Network Architecture
- Instrumenting the network for traffic collection
- Network monitoring and threat detection deployment strategies
- Hardware to capture traffic
Introduction to Network Monitoring at Scale
- The function of network monitoring tools
- The analyst's role in the detection
- Analysis flow process
Zeek
- Introduction to Zeek
- Zeek operational modes
- Zeek output logs and how to use them
- Practical threat analysis and threat modeling
- Zeek scripting
- Using Zeek to monitor and correlate related behaviors
IDS/IPS Evasion Theory
- Theory and implications of evasions at different protocol layers
- Sampling of evasions
- Necessity for target-based detection
- Zero-day monitoring evasions
SEC503.5: Large-Scale Threat Detection, Forensics, and Analytics
The emphasis in this section is on hands-on exercises rather than formal instruction. Three major areas are covered in this section, starting with data-driven, large-scale analysis and collection using NetFlow and IPFIX. With the protocol background gained from the first section of the course, NetFlow can be used to perform threat hunting in the cloud and on traditional infrastructures. Having covered the fundamentals, students will move on to more advanced analysis and threat detection using and building custom NetFlow queries. A second area introduces traffic analytics, continuing the theme of large-scale analysis.
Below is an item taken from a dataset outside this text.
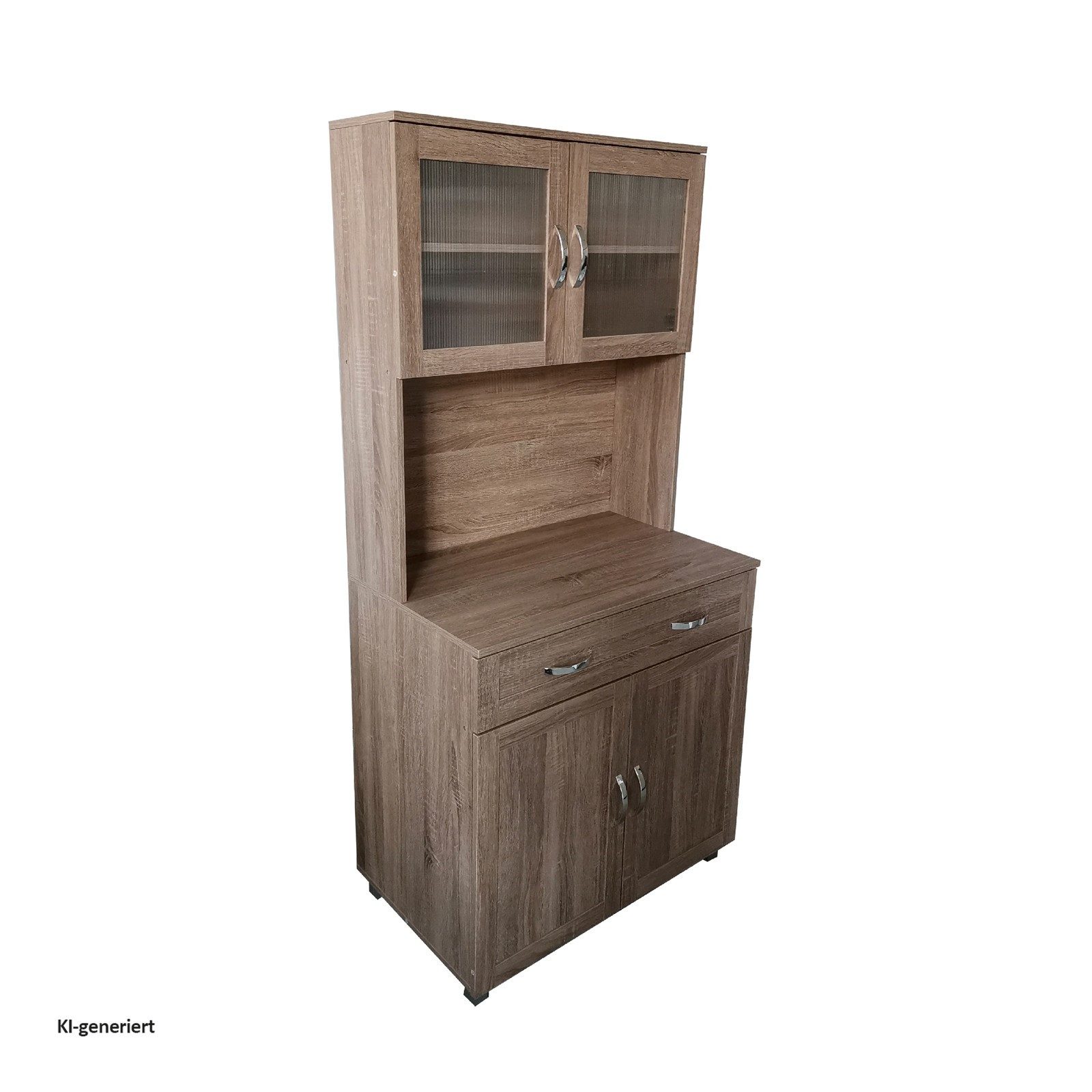HTI-Living Hochschrank Küchenbuffet mit Glasteil Sonoma Blanca (Stück, 1-St., 1 Schrank) Küchenschrank Hochschrank – Bild 2 von 5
A variety of tools and techniques for zero-day threat hunting are introduced, after which students have the chance to put them into practice. The course will also cover cutting-edge applications of artificial intelligence and machine learning to detect anomalies. The final area of this section involves network forensics and reconstructed incidents. Each student will work through three detailed hands-on incidents using the tools and techniques they have learned throughout the course.
Using Network Flow Records
- NetFlow and IPFIX metadata analysis
- Using SiLK to find events of interest
- Identification of lateral movement via NetFlow data
- Building custom NetFlow queries
Threat Hunting and Visualization
- Various approaches to performing network threat hunting at enterprise scale in networks
- Exercises involving approaches to visualizing network behaviors to identify anomalies
- Applications of data science to streamline security operations and perform threat hunting
- Experimenting with an AI-based system to identify network protocol anomalies on a defended network
Introduction to Network Forensic Analysis
- Theory of network forensics analysis
- Phases of exploitation
- Data-driven analysis versus alert-driven analysis
- Hypothesis-driven visualization
SEC503.6: Advanced Network Monitoring and Threat Detection Capstone
This course culminates with a hands-on server-based Network Monitoring and Threat Detection capstone that is both challenging and enjoyable. In this course, students compete as individuals or in teams to answer various questions using the tools and theories they learn. Based on six sections of real-world data, the challenge involves investigating a time-sensitive incident. During this "ride-along" event, students answer questions based on the same data analysis conducted by a team of professional analysts.
The bottom line
By earning the GIAC Intrusion Analyst certification, practitioners demonstrate their network and host monitoring, traffic analysis, and intrusion detection knowledge. With the GIAC GCIA certification, you can configure and monitor intrusion detection systems and read, interpret, and analyze network traffic and log files.